▸ **WHAT THE TASK ASKS**: Retype, without any change, the first line of the records and every line after it through the one containing "薬膳塩辛キムチ作り方3写真".

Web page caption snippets
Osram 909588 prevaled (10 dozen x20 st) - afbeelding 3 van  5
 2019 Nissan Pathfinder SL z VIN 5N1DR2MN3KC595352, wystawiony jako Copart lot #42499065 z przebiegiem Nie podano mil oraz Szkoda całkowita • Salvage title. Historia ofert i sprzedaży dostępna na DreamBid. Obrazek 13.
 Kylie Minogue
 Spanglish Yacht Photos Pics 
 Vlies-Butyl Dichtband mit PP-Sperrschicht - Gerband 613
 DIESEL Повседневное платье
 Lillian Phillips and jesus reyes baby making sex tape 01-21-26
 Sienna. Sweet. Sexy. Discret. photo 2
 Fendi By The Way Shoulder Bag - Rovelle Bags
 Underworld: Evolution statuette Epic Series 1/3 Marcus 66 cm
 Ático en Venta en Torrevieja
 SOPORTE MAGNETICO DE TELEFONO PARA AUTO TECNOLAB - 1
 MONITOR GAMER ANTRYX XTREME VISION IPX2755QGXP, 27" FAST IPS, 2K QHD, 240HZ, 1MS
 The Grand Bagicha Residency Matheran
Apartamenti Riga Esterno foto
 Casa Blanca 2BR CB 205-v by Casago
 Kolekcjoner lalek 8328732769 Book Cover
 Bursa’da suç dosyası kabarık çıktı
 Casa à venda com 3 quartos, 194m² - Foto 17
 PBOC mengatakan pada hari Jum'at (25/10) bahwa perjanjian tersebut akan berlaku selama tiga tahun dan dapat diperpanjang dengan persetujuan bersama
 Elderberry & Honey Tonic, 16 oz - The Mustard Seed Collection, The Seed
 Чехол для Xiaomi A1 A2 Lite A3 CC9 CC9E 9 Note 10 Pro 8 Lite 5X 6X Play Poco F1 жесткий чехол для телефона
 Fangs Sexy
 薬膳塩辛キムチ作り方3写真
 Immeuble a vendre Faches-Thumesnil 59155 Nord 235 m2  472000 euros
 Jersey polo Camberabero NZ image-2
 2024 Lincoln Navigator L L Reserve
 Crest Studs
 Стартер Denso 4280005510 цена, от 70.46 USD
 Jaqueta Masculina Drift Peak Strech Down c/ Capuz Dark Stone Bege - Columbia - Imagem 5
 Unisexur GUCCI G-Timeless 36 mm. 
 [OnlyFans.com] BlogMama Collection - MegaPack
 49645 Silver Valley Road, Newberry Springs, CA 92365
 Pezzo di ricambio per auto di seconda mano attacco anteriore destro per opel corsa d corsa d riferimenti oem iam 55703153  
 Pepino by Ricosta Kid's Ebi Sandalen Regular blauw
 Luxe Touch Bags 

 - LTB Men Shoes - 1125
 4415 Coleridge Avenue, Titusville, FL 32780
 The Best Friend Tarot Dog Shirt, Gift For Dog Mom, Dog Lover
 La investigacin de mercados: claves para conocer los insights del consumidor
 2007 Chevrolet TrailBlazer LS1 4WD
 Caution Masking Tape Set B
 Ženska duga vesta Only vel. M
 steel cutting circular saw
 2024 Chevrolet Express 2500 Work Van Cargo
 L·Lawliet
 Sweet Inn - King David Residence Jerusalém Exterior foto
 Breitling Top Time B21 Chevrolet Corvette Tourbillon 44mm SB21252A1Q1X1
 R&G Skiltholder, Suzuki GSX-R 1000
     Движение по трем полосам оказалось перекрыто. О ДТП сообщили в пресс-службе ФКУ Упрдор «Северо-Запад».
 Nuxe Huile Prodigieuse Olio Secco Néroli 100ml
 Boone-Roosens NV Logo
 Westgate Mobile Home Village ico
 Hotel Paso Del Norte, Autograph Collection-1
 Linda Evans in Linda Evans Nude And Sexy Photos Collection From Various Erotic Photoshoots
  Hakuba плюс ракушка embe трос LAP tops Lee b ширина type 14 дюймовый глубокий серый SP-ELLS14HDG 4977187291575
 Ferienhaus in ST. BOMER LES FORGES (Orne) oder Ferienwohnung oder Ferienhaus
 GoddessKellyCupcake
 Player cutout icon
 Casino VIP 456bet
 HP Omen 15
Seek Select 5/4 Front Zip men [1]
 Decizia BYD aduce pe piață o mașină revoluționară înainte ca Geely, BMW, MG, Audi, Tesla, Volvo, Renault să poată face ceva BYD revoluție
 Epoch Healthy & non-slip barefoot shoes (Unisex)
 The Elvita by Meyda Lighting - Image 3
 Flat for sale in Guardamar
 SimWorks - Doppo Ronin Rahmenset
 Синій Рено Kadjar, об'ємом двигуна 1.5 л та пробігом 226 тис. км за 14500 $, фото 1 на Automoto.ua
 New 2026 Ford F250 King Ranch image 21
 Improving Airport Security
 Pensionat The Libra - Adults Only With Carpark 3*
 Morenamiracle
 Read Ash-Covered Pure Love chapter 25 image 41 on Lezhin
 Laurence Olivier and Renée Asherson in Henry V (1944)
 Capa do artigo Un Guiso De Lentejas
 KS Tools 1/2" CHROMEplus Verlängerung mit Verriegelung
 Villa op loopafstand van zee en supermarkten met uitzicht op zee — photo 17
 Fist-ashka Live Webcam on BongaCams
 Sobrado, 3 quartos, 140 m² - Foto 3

▸ **OUTPUT OF THE TASK**:
Osram 909588 prevaled (10 dozen x20 st) - afbeelding 3 van  5
 2019 Nissan Pathfinder SL z VIN 5N1DR2MN3KC595352, wystawiony jako Copart lot #42499065 z przebiegiem Nie podano mil oraz Szkoda całkowita • Salvage title. Historia ofert i sprzedaży dostępna na DreamBid. Obrazek 13.
 Kylie Minogue
 Spanglish Yacht Photos Pics 
 Vlies-Butyl Dichtband mit PP-Sperrschicht - Gerband 613
 DIESEL Повседневное платье
 Lillian Phillips and jesus reyes baby making sex tape 01-21-26
 Sienna. Sweet. Sexy. Discret. photo 2
 Fendi By The Way Shoulder Bag - Rovelle Bags
 Underworld: Evolution statuette Epic Series 1/3 Marcus 66 cm
 Ático en Venta en Torrevieja
 SOPORTE MAGNETICO DE TELEFONO PARA AUTO TECNOLAB - 1
 MONITOR GAMER ANTRYX XTREME VISION IPX2755QGXP, 27" FAST IPS, 2K QHD, 240HZ, 1MS
 The Grand Bagicha Residency Matheran
Apartamenti Riga Esterno foto
 Casa Blanca 2BR CB 205-v by Casago
 Kolekcjoner lalek 8328732769 Book Cover
 Bursa’da suç dosyası kabarık çıktı
 Casa à venda com 3 quartos, 194m² - Foto 17
 PBOC mengatakan pada hari Jum'at (25/10) bahwa perjanjian tersebut akan berlaku selama tiga tahun dan dapat diperpanjang dengan persetujuan bersama
 Elderberry & Honey Tonic, 16 oz - The Mustard Seed Collection, The Seed
 Чехол для Xiaomi A1 A2 Lite A3 CC9 CC9E 9 Note 10 Pro 8 Lite 5X 6X Play Poco F1 жесткий чехол для телефона
 Fangs Sexy
 薬膳塩辛キムチ作り方3写真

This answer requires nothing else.